> **RECORDS TO PROCESS**
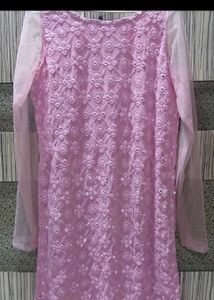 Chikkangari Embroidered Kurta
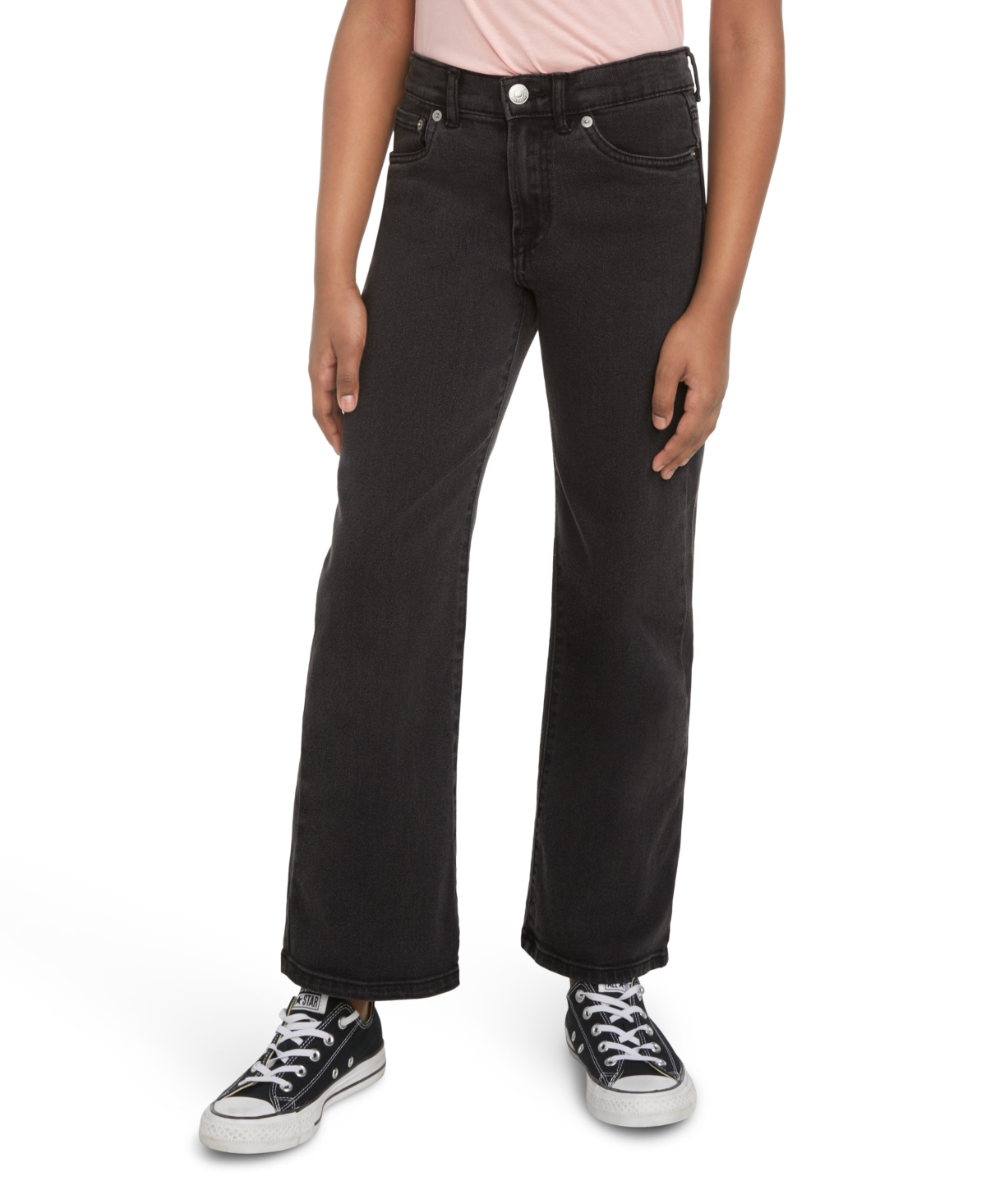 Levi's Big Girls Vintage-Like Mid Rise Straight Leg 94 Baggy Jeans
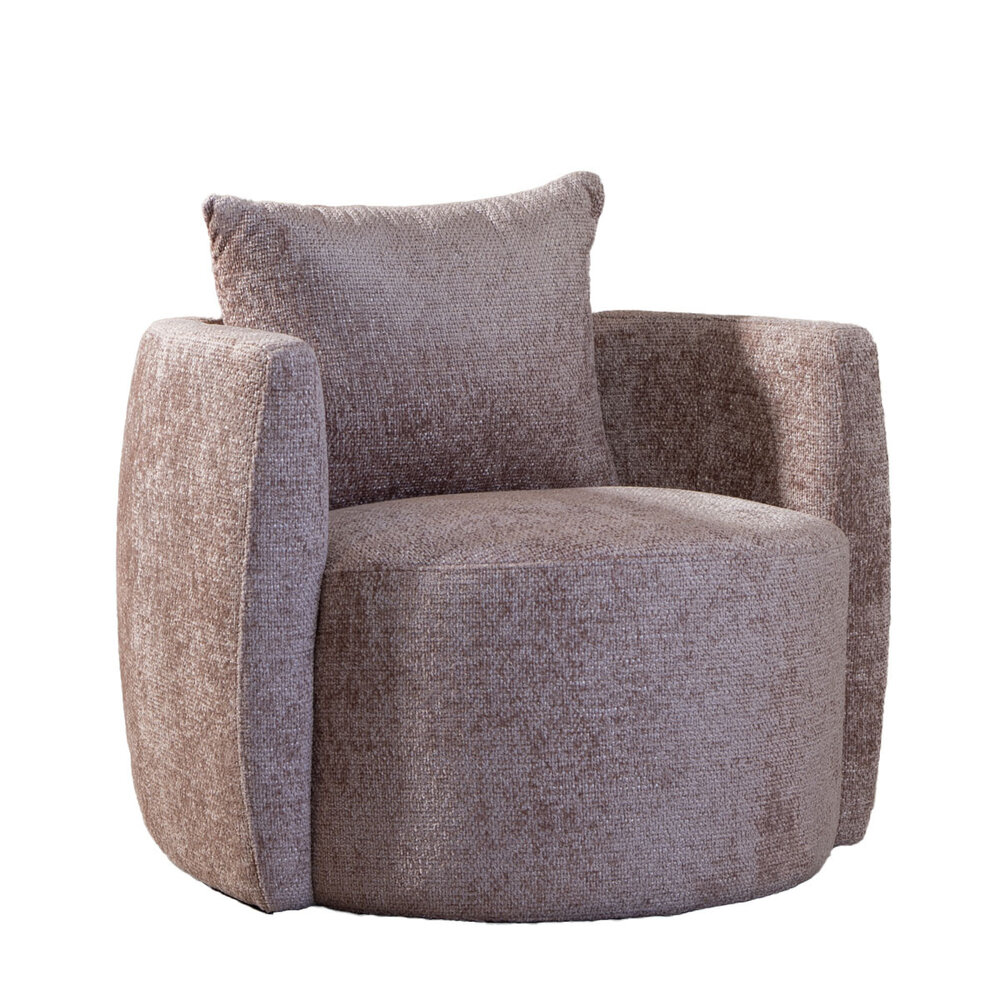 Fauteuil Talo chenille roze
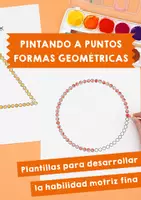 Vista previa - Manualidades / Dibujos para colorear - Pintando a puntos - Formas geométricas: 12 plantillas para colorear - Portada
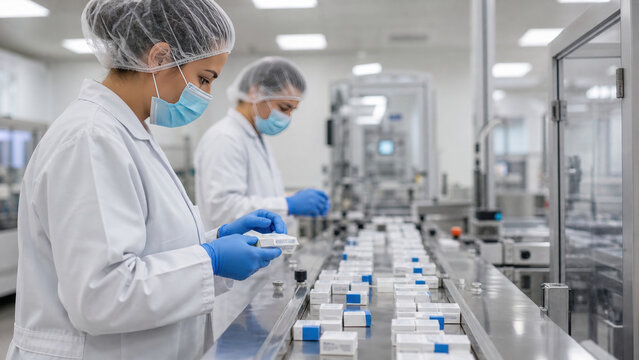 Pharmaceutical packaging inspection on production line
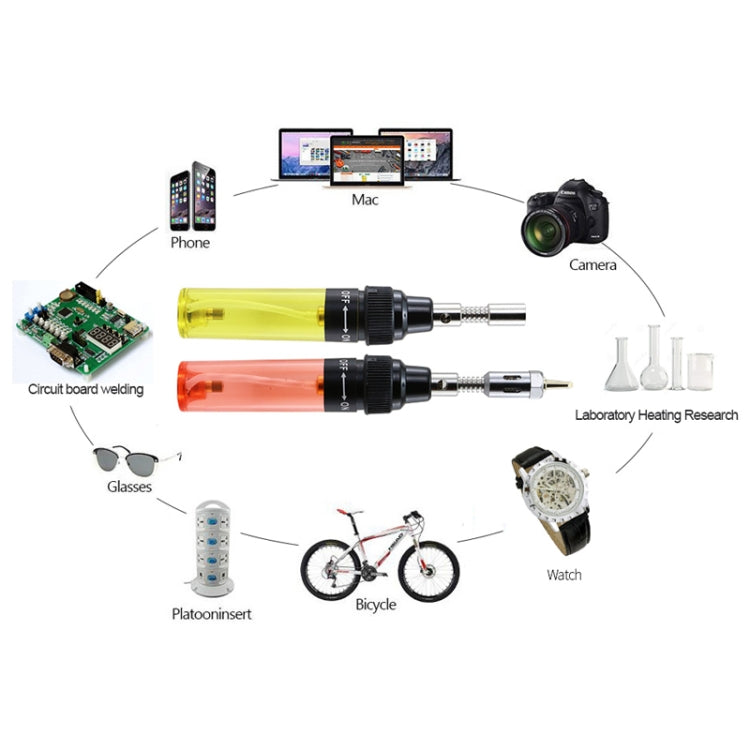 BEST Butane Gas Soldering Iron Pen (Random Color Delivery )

> **EXERCISE GOAL**
Would you write out exactly the lines of the data from the one holding "Levi's Big Girls" to the final line, both included, with pictures left out?

> **EXERCISE RESPONSE**
 Levi's Big Girls Vintage-Like Mid Rise Straight Leg 94 Baggy Jeans
 Fauteuil Talo chenille roze
 Vista previa - Manualidades / Dibujos para colorear - Pintando a puntos - Formas geométricas: 12 plantillas para colorear - Portada
 Pharmaceutical packaging inspection on production line
 BEST Butane Gas Soldering Iron Pen (Random Color Delivery )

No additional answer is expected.